**Brief:** Copy every line of the records below where the word "Cotton" occurs.

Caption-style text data
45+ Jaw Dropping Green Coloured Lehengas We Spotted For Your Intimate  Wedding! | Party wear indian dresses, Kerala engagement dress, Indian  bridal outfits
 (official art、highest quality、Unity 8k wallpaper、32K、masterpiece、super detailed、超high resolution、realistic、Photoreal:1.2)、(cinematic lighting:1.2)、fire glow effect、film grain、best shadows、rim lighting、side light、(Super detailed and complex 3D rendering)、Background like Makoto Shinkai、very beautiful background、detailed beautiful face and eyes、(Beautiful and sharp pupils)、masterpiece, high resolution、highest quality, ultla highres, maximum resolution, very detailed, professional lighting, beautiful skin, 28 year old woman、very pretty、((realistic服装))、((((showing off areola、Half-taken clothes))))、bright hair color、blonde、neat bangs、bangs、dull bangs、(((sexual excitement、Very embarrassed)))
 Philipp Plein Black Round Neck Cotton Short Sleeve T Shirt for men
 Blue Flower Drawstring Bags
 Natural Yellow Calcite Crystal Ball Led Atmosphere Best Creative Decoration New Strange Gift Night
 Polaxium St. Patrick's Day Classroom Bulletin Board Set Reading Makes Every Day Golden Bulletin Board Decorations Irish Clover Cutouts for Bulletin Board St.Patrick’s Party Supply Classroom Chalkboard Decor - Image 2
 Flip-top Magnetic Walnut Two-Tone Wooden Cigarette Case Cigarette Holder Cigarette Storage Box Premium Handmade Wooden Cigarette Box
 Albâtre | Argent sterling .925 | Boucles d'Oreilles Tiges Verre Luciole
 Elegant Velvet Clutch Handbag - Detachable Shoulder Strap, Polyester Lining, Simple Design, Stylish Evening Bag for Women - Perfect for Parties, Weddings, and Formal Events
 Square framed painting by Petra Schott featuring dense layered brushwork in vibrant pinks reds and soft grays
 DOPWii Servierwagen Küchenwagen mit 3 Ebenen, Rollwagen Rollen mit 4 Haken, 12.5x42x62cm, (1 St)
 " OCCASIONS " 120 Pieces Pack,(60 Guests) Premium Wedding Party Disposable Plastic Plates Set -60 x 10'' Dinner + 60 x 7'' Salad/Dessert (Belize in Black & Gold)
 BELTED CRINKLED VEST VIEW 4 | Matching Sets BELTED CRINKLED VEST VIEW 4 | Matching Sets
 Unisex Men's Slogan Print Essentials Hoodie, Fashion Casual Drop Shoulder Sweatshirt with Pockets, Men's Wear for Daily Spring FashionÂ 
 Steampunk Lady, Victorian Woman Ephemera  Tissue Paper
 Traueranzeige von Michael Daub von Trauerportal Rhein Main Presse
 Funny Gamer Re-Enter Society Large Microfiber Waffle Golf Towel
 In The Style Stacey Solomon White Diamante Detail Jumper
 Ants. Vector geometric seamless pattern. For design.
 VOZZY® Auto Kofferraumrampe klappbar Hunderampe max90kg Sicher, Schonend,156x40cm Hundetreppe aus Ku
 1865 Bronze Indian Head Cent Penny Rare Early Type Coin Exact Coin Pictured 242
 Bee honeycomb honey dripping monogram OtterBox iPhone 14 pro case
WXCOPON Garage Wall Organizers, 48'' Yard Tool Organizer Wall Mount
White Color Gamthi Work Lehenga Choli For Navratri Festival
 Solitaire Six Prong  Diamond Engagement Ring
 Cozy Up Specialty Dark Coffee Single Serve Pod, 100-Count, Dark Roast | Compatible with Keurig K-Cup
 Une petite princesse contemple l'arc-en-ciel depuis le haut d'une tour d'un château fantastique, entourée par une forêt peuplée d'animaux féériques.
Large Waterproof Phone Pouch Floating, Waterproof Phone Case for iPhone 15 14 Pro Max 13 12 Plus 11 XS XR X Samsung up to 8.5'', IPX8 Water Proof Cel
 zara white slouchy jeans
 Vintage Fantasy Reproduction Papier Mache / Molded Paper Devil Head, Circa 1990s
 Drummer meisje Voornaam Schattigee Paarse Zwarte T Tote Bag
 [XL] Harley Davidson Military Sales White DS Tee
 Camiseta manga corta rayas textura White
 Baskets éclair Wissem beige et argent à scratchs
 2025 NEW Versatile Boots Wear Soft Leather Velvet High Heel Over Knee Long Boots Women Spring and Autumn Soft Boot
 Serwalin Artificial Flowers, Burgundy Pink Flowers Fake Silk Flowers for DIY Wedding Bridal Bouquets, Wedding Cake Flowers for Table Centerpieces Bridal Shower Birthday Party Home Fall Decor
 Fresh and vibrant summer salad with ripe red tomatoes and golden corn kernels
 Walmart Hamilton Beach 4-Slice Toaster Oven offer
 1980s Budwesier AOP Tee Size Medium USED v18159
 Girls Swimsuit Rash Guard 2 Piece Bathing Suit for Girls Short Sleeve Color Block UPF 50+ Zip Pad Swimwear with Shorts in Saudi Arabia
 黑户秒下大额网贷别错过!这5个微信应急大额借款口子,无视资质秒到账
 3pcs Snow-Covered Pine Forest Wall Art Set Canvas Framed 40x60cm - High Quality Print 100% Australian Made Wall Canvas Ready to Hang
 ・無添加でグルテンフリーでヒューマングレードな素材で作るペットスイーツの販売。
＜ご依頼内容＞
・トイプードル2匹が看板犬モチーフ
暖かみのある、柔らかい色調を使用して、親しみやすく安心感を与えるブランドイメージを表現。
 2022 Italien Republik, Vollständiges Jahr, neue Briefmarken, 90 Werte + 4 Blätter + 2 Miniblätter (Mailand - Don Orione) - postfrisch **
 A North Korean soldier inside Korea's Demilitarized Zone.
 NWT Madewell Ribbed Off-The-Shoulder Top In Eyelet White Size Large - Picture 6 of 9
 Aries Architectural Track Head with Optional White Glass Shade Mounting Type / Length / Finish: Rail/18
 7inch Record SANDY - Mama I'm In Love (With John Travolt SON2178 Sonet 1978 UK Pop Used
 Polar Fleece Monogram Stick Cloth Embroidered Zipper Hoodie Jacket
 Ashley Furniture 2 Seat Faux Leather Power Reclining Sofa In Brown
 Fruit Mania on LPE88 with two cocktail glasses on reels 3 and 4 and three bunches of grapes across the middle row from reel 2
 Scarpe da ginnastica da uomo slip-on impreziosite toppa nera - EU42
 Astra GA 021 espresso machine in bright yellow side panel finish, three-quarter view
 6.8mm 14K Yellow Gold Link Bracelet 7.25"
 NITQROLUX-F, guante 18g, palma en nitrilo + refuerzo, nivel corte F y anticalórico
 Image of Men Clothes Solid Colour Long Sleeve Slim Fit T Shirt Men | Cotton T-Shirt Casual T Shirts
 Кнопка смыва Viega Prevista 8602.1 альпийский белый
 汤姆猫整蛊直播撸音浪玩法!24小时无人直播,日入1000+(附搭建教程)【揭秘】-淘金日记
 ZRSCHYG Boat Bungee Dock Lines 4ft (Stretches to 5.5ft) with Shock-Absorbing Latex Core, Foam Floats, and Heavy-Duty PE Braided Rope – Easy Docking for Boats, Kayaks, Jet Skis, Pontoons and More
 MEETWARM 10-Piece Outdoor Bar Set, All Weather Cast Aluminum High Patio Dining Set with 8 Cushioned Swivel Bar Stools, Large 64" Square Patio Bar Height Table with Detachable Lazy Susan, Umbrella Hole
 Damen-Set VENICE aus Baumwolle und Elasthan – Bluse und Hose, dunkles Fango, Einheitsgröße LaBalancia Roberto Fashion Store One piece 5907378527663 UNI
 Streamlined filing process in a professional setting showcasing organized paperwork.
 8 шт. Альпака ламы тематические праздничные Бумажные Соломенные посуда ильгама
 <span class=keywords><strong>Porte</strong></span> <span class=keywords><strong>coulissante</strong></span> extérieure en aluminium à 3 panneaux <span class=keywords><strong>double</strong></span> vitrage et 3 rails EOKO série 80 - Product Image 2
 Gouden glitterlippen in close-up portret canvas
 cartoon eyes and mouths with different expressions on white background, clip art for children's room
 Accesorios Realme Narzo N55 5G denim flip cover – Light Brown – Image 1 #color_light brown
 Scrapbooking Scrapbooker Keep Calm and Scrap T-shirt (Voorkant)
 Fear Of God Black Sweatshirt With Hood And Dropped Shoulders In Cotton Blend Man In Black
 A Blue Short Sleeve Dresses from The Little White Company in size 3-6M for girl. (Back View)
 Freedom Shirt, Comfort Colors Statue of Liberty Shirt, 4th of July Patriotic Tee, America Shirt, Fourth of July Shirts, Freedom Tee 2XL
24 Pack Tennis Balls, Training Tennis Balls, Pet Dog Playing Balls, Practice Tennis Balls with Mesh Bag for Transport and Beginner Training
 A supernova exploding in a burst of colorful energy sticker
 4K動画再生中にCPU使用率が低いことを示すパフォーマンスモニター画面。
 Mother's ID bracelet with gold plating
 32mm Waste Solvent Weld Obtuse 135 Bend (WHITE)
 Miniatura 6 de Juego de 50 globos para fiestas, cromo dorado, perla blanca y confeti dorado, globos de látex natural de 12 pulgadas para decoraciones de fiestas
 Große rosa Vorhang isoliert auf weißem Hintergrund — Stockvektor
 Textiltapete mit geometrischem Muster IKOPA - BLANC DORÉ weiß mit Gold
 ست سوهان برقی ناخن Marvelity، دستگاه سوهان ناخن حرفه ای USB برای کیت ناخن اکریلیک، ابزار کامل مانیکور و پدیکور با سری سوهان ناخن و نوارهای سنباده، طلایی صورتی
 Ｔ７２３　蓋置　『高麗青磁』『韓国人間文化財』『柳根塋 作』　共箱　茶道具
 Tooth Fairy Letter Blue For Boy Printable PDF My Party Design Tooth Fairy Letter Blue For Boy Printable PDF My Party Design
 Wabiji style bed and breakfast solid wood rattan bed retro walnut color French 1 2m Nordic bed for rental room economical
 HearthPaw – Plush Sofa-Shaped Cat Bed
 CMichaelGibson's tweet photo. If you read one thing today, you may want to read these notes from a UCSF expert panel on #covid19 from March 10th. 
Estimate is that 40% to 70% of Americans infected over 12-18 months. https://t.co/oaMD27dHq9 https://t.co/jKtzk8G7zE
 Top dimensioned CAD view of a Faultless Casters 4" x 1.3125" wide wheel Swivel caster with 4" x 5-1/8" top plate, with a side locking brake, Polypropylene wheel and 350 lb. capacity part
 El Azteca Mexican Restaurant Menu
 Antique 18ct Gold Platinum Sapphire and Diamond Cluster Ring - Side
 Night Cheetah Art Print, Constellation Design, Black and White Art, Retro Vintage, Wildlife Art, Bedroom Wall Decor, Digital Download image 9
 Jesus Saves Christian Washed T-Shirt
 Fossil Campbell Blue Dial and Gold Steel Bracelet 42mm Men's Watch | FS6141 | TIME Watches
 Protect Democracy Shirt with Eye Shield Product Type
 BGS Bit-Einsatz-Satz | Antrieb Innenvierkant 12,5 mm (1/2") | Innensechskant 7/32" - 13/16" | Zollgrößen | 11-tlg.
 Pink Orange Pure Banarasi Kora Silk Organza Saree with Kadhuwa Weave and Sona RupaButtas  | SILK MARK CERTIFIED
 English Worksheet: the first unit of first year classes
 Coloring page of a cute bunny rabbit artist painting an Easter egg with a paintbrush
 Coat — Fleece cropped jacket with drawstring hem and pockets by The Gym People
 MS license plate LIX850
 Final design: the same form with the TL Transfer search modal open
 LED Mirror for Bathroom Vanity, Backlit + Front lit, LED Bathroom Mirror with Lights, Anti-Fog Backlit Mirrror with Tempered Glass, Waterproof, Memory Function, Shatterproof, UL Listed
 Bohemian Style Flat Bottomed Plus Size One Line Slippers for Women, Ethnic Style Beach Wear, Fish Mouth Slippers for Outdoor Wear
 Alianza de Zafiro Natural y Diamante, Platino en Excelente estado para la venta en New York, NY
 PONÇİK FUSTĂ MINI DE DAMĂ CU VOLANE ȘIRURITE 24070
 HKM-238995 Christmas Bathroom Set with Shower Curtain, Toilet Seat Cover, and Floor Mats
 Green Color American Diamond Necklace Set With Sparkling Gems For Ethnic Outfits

**Response for this exercise:**
 Philipp Plein Black Round Neck Cotton Short Sleeve T Shirt for men
 Image of Men Clothes Solid Colour Long Sleeve Slim Fit T Shirt Men | Cotton T-Shirt Casual T Shirts
 Fear Of God Black Sweatshirt With Hood And Dropped Shoulders In Cotton Blend Man In Black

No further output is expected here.